You cannot get anything without working for it

– or stealing it, which is a criminal act you definitely should not do”,

or that

There is not such a thing as a Free Lunch”.

*

I experienced that people got work-free income when they owned things whose values increased because of increased demand, or because of decreased supply. It happened to services, to stocks of goods, bonds, shares, livestock, real estate or other monopolies, or whatever. The reason for increased demand or decreased supply could differ from case to case, such as failing harvest, blockade, war, new technology, successful sales promotion, lower taxes, increased population, withdrawn restriction on trade, progress in the society’s economy, etc. However, sometimes values decreased because the demand slowed down, or because the supply increased.

Values of Real Estate (landed properties) were most of the time increasing because the development of society escalated; but sometimes set in an economic crisis that decreased values of Real Estate.

Experiences have proved that that has happened through centuries approximately every 18th year (so the next crisis may be around 2026). The events that triggered these backlashes differed from crisis to crisis, but they have happened anyway approximately every 18 years. It is bad luck if you have to sell your property when its market-value is low. If you don’t have to sell, you may expect that the value will regain later. If you are well off you might take advantage of the depression and buy a cheap property.

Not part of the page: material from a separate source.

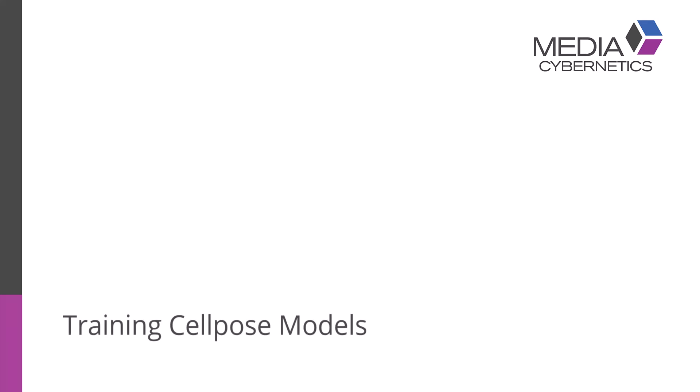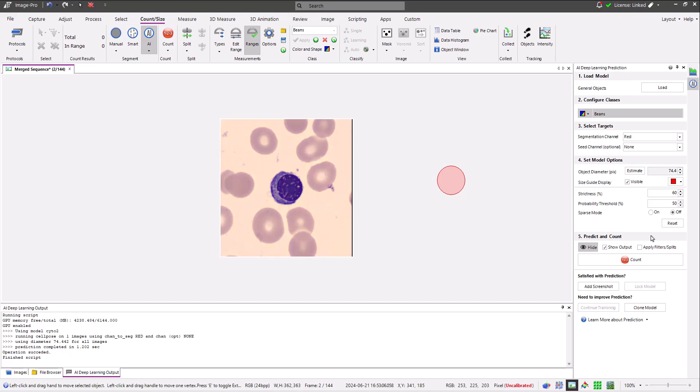In this video I'm going to describe how to train a cell pose model to find a specific class of objects.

The seriousness of the crises seems to escalate from one 18 years’ period to the next (so the 2026-one will probably be really bad), and always the people who don’t own things of value – comprising most young people – and only live of what they earn by their work, or of a pension that have been reduced by taxes and by other unavoidable expenses claimed by powerful claimants, are among those who suffer most, unless they are gifted with or have developed strongly sought-after abilities.

*

I find it excellent when talented and skilled and hardworking people earn great money by their productive exertions (physical or intellectual) that make the community a better and a more enjoyable place to live. But I – urging for equal possibilities to all human beings – don’t like and am very much annoyed with and against that the Government allows and protects some people to absorb for their private satisfaction gifts of nature and society that could have been natural free gifts to all mankind.

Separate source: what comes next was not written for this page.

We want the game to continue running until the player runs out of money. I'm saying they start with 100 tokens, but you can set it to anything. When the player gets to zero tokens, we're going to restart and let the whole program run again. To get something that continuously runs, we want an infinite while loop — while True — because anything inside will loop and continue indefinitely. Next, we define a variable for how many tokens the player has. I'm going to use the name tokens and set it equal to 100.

I agree that landowners must have exclusive right to use their land, but they don’t need and should not be allowed to keep the Rent of Land created by Nature and by the Society, and other monopolists should not be allowed to keep the Extra monopoly-profits they charge on top of the prices they would have been satisfied with had they not had the monopolies.

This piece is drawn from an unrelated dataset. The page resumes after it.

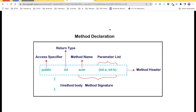This is a simple image I got from the internet to show how a method declaration works. You can see there is a method called public int sum, and then there are some parameters. This 'public' is an access specifier, also called an access modifier. Making it public gives you the ability to access the method publicly outside of your class.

Monopolies are approved and protected by the Government and the extra Monopoly-Profits should go to the public and be used to the benefit of people in general. Then dead-weight taxes on productive people could be reduced, maybe abolished.

Landless people and people without any monopoly, who are unable to absorb anything of the free gifts of nature and society, are cheated every day, month after month, year by year, by the system that lead the values of nature and society to a few holders of monopolies and economic privileges.

As long as a Government maintains such a system, I accept that individual citizens seek to get a share of the free gifts of nature one way or another in order to reduce the cheating they would else suffer every day. I sympathise with those who – in order to diminish the cheating they were else exposed to – urge for getting a house and its today privatised rent of land; but I become sad when such people care for themselves only, and ignore that their fellow citizens – working but landless – are cheated daily for advantages they could have of public collection of publicly created values and public use of it to the benefit of people in general.

As long as the technological development of societies are progressing, the market will provide producers with reasonable market wages – even when the gap between landowners and landless people expands. However, if we keep the system as it is to-day, when the technological progress has to stop (because of climate change, pollution, or whatever) the market wages will sink towards minimum existence.